What you should do: In the data below, repeat the line containing "Close Goat — Stock Photo, Image" and every following line exactly, up to and including the last line. Exclude pictures.

--- START ---

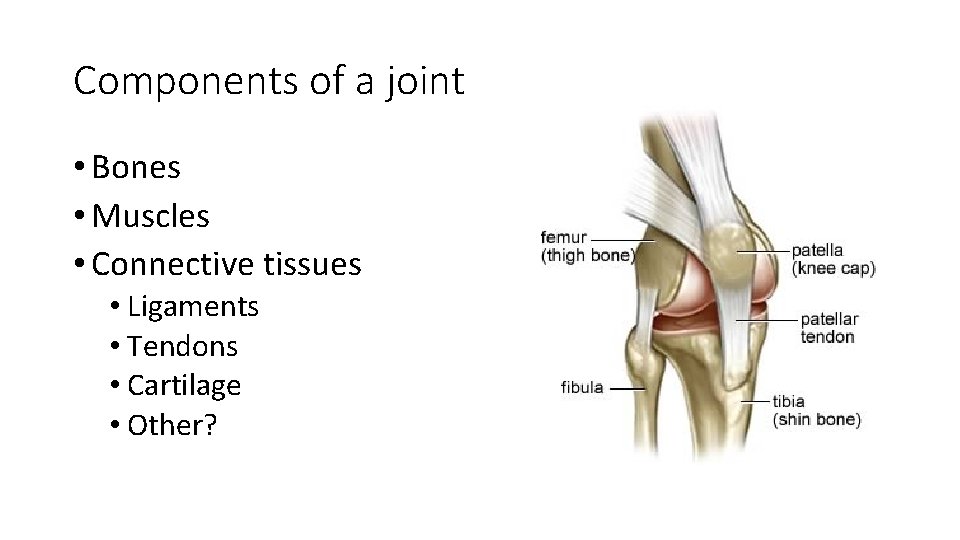 Components of a joint • Bones • Muscles • Connective tissues • Ligaments • Components of a joint • Bones • Muscles • Connective tissues • Ligaments •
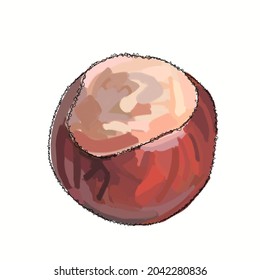 arte vectorial abierto de castañas de caballo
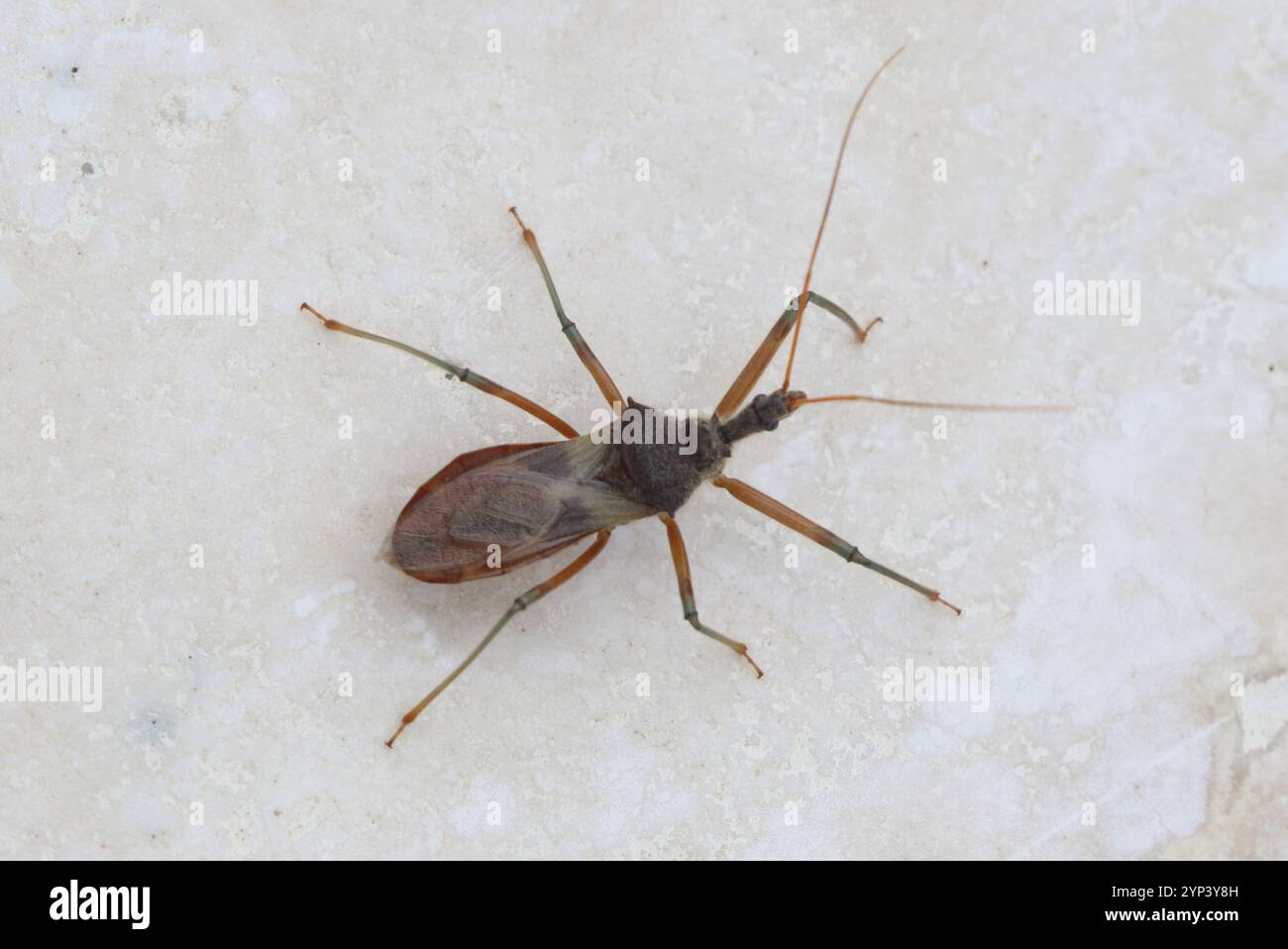Common assassin bug hi-res stock photography and images - Alamy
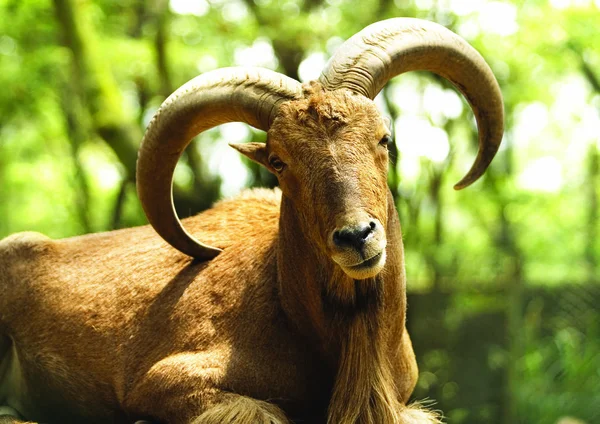 Close Goat — Stock Photo, Image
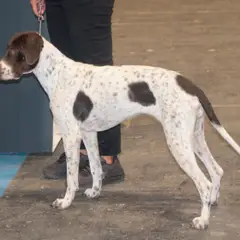 Antico cane da ferma danese - Foto 3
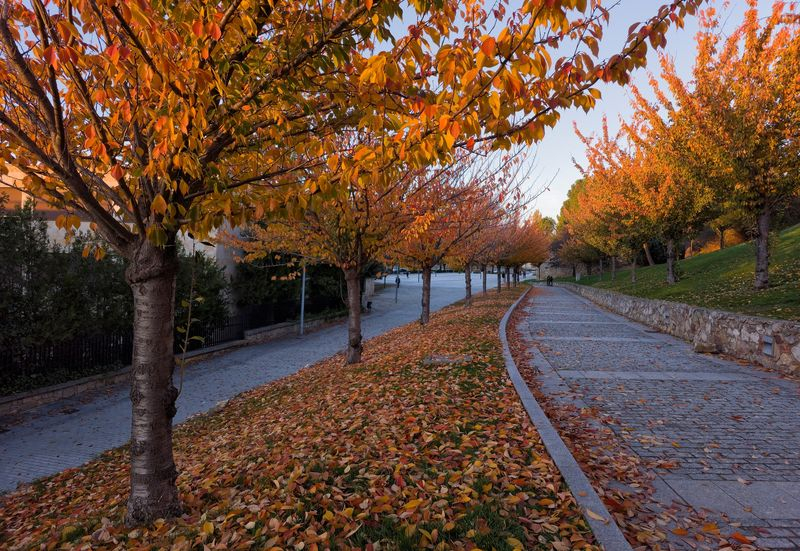 Delicias para el paseo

--- END ---

Task output:
 Close Goat — Stock Photo, Image
 Antico cane da ferma danese - Foto 3
 Delicias para el paseo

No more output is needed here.